Elijah, Op. 70 (1846) - Bryn Terfel (baritone); Renée Fleming (soprano); Patricia Bardon (contralto); John Mark Ainsley (tenor); Edinburgh Festival Chorus; Orchestra of the Age of the Enlightenment/Paul Daniel - Decca 455 688-2 - two discs 130:53 DDD

It's obvious from the gruesomely grease-painted cover photograph, in which Bryn Terfel appears to be auditioning for a bit-part in Life of Brian, that this admirable new recording of Elijah is very much intended as a showcase for the young Welsh baritone, and in many ways it is.

I'm personally delighted, though, to note that the equally youthful Paul Daniel has finally been entrusted by a record company with the major project he deserves. He brings to this Elijah all the qualities that have made him such a popular success at Opera North in Leeds: vigor, dynamism, and an instinctively theatrical grasp of the overall shape and architecture of the work in hand. He plays a leading part in making this new Elijah move and meld.
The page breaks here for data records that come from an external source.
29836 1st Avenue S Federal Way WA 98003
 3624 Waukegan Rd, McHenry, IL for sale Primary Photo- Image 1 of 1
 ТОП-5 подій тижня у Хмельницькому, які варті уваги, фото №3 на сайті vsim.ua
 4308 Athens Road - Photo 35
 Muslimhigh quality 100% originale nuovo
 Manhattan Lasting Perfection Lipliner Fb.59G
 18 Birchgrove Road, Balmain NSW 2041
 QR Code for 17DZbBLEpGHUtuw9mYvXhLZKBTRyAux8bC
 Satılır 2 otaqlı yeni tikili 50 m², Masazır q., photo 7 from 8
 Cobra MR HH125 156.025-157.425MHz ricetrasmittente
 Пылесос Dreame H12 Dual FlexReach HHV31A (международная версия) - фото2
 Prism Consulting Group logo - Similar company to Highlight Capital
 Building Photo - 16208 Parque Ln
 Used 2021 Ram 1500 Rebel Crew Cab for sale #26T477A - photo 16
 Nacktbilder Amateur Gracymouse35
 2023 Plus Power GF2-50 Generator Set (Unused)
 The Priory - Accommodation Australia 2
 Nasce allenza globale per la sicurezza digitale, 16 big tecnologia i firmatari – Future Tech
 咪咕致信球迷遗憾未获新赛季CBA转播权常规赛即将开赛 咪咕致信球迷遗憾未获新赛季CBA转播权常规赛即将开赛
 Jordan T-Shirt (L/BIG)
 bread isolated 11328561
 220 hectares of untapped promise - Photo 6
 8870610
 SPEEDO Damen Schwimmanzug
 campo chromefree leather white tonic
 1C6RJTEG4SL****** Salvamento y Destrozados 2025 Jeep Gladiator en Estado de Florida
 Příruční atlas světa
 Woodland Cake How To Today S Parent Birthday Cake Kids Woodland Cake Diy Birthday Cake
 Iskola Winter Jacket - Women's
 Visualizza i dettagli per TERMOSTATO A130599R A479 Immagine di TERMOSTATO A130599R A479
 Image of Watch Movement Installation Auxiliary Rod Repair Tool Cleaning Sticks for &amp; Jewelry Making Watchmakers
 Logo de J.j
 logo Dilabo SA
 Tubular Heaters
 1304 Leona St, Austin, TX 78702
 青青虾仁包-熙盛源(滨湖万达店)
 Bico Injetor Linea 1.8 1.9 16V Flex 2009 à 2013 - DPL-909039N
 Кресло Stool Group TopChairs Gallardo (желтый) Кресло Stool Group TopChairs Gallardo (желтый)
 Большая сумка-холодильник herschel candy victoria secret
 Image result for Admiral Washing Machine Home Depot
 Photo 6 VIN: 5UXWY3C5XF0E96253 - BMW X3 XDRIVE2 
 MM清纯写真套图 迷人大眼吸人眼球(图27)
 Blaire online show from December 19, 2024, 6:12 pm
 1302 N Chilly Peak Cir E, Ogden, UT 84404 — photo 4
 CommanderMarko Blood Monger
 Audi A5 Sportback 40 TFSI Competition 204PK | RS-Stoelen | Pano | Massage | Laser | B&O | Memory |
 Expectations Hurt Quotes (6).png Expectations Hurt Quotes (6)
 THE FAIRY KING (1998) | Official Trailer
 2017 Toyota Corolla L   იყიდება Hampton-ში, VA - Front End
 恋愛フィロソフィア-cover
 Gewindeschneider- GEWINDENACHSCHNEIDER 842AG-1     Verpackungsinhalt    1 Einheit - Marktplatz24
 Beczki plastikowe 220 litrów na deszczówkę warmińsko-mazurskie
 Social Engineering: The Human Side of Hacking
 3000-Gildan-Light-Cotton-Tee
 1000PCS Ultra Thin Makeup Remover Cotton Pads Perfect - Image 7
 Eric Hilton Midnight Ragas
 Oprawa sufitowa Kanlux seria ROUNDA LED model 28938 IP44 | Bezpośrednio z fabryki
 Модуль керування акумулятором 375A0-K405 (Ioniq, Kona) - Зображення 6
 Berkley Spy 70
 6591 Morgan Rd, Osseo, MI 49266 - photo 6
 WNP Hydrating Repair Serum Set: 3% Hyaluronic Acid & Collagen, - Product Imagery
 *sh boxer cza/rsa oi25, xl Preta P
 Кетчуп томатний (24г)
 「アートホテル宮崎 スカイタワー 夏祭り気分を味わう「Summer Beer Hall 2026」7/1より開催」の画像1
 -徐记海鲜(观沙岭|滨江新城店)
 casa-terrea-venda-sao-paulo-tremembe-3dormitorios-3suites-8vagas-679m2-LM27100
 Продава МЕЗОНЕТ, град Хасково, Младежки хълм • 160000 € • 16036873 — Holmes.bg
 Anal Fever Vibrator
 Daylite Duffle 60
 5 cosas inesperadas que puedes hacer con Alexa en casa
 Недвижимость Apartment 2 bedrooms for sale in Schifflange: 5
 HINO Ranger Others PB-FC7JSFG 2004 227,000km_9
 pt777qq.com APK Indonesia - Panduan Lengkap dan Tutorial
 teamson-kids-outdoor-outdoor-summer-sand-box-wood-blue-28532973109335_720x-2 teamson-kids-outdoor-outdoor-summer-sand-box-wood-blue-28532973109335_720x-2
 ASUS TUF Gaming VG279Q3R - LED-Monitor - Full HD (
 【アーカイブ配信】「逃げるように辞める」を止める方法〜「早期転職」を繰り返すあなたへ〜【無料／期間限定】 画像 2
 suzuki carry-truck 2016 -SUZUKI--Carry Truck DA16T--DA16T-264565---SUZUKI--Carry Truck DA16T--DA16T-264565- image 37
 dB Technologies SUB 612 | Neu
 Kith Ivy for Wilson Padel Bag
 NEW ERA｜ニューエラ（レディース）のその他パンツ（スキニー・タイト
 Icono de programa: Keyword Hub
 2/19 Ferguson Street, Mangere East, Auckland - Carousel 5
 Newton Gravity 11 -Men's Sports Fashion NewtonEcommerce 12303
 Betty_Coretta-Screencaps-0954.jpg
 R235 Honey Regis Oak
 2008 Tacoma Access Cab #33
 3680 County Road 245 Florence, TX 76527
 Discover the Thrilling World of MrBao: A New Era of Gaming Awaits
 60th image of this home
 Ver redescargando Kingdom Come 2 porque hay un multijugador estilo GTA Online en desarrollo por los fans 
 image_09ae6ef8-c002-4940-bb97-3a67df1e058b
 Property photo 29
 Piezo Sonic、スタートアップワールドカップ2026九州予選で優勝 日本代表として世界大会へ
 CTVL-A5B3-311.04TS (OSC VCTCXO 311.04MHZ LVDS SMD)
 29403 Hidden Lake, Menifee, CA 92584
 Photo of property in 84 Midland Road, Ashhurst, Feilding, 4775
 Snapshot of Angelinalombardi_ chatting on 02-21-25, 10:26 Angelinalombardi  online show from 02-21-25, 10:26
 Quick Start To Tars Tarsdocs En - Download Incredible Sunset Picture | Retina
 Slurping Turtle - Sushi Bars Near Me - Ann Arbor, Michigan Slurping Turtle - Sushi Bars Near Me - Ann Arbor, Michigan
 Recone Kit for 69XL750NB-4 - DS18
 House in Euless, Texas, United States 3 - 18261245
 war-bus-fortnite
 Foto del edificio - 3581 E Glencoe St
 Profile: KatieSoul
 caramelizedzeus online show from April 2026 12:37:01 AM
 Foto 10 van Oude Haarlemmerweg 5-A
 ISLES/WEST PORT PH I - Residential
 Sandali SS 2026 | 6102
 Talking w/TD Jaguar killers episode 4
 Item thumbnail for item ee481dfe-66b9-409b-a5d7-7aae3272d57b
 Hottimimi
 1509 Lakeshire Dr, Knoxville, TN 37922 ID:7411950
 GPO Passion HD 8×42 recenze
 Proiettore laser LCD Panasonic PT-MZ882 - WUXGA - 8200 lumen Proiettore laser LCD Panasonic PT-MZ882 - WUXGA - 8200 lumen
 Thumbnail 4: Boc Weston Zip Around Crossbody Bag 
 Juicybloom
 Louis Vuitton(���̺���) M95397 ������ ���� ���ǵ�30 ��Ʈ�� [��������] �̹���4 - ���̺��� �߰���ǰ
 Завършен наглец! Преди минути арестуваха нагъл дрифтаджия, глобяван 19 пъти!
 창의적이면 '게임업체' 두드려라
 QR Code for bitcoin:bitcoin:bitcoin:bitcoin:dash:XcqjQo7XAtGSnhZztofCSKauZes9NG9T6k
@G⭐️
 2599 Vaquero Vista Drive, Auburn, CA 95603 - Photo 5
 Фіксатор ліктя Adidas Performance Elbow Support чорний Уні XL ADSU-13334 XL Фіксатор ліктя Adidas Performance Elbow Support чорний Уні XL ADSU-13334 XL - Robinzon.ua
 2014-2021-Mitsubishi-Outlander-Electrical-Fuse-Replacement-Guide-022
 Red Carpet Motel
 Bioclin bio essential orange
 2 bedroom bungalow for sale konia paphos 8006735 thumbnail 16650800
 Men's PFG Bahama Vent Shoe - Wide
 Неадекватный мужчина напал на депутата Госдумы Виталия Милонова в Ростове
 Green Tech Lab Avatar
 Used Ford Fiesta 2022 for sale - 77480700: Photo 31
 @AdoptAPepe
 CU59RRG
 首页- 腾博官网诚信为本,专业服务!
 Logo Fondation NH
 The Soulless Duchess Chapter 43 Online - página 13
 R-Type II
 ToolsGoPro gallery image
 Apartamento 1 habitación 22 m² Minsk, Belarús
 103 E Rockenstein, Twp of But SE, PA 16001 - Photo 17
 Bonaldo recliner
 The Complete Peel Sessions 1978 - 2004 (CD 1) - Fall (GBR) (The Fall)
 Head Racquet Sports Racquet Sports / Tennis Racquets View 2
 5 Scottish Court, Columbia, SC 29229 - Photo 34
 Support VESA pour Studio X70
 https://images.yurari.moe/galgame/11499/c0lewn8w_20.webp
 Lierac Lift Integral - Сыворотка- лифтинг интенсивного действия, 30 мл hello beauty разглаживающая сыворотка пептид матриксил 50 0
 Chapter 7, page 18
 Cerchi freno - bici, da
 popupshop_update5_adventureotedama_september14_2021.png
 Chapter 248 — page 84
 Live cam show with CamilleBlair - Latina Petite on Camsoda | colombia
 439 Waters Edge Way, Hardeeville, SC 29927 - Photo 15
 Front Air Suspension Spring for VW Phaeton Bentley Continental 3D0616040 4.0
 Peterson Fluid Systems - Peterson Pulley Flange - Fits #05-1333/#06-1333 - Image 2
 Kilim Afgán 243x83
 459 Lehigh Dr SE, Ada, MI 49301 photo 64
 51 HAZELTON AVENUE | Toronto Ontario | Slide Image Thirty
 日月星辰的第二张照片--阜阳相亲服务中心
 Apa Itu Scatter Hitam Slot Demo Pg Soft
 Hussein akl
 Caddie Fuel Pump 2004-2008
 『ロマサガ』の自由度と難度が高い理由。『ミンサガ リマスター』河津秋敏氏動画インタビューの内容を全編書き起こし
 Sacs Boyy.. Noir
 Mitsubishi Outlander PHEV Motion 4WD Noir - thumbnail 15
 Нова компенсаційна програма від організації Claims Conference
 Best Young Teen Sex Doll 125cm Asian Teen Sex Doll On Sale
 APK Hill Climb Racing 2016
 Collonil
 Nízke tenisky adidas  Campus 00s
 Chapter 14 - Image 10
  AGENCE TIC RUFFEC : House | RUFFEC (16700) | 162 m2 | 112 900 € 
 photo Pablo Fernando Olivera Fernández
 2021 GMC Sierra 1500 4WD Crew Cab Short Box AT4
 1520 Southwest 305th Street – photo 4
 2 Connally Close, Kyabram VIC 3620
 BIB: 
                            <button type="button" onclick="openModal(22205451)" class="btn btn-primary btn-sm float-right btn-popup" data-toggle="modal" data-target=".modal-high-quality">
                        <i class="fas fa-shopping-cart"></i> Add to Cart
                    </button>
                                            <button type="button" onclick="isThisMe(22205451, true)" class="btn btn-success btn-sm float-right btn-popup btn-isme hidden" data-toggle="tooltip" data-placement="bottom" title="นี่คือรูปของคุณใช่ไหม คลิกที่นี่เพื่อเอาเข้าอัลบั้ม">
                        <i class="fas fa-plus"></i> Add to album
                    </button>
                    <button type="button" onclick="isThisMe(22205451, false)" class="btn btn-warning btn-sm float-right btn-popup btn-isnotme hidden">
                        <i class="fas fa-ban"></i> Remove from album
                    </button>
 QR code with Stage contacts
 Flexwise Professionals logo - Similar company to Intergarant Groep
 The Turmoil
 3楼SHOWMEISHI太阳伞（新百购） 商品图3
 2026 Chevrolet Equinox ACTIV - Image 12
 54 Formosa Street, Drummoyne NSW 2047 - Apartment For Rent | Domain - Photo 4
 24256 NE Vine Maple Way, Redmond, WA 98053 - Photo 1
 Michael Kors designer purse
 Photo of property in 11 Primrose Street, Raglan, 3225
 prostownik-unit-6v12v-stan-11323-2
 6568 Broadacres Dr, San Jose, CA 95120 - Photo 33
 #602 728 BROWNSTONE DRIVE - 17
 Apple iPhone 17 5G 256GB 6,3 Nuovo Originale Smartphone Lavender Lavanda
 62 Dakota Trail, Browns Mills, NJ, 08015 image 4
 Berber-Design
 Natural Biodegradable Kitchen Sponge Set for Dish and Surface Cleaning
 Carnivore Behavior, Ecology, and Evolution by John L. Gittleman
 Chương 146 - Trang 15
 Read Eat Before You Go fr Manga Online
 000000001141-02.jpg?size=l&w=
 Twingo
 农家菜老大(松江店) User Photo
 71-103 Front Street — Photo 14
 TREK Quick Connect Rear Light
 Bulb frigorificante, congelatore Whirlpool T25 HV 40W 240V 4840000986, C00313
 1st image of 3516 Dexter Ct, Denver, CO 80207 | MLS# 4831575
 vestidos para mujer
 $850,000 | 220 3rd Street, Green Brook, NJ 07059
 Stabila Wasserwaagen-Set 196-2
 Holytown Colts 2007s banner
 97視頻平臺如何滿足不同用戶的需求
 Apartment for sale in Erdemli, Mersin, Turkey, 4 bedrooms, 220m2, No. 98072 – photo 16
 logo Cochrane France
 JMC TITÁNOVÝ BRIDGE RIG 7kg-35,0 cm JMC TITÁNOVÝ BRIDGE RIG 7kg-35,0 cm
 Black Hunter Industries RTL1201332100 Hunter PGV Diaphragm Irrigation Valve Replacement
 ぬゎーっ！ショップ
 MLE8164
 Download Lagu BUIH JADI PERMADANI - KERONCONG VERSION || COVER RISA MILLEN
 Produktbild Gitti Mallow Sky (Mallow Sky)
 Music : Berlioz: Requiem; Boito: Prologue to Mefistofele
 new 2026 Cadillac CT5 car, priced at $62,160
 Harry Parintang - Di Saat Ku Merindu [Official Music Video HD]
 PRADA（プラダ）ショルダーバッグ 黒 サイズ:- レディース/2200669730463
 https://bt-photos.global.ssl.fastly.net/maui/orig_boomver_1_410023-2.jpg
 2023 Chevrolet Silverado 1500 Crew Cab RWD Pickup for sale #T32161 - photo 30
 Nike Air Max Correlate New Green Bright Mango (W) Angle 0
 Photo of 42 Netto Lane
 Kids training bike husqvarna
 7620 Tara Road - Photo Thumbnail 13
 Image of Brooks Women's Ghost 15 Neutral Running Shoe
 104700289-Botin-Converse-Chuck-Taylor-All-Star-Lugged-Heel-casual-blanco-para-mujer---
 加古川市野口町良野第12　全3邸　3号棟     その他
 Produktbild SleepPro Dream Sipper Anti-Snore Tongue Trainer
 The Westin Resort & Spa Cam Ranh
And what of Terfel himself? Mendelssohn conceived his prophet as being "energetic and zealous, but also stern, wrathful and gloomy", and he would surely have been delighted by the extent to which Terfel's interpretation brings these features strongly and uncompromisingly to the fore. Thus his taunting of the Prophets of Baal in Part 1 is properly defiant, and he burns his way through the Handelian pyrotechnics of "Is not His word like a fire" with a fundamentalist fervor which brooks no argument at all.

There is introspection and darkness too, nowhere more notably than in a black and desperate rendering of the aria "It is enough!" from Part 2.

Reservations? Yes, a few. Terfel has an outstanding mezza voce in his armory, and occasionally uses it when something less obviously "stage-managed" would do, and be more simply eloquent. Again, his delivery sometimes strikes me as a mite too operatically-inclined, where in oratorio a slightly more temperate and even style of vocal declamation can pay richer dividends. But his assumption is powerfully impressive overall.

More lastingly vexatious is the choir's tendency to light unexpectedly on particular sections of the text. Why, for instance, do they place such a distractingly large emphasis on the words "the third and the fourth generation" in "Yet doth the Lord see it not"? These irritating "tics" apart, they sing with consistent warmth, and often very dramatically too. The other soloists are more than adequate, without being specially distinctive.

No matter: Terfel's many followers will be more than happy with his contributions alone. And so am I: they will bring a new audience to a great, and still greatly underrated work. An excellent performance from Bryn Terfel, and a fine all-round version of the work.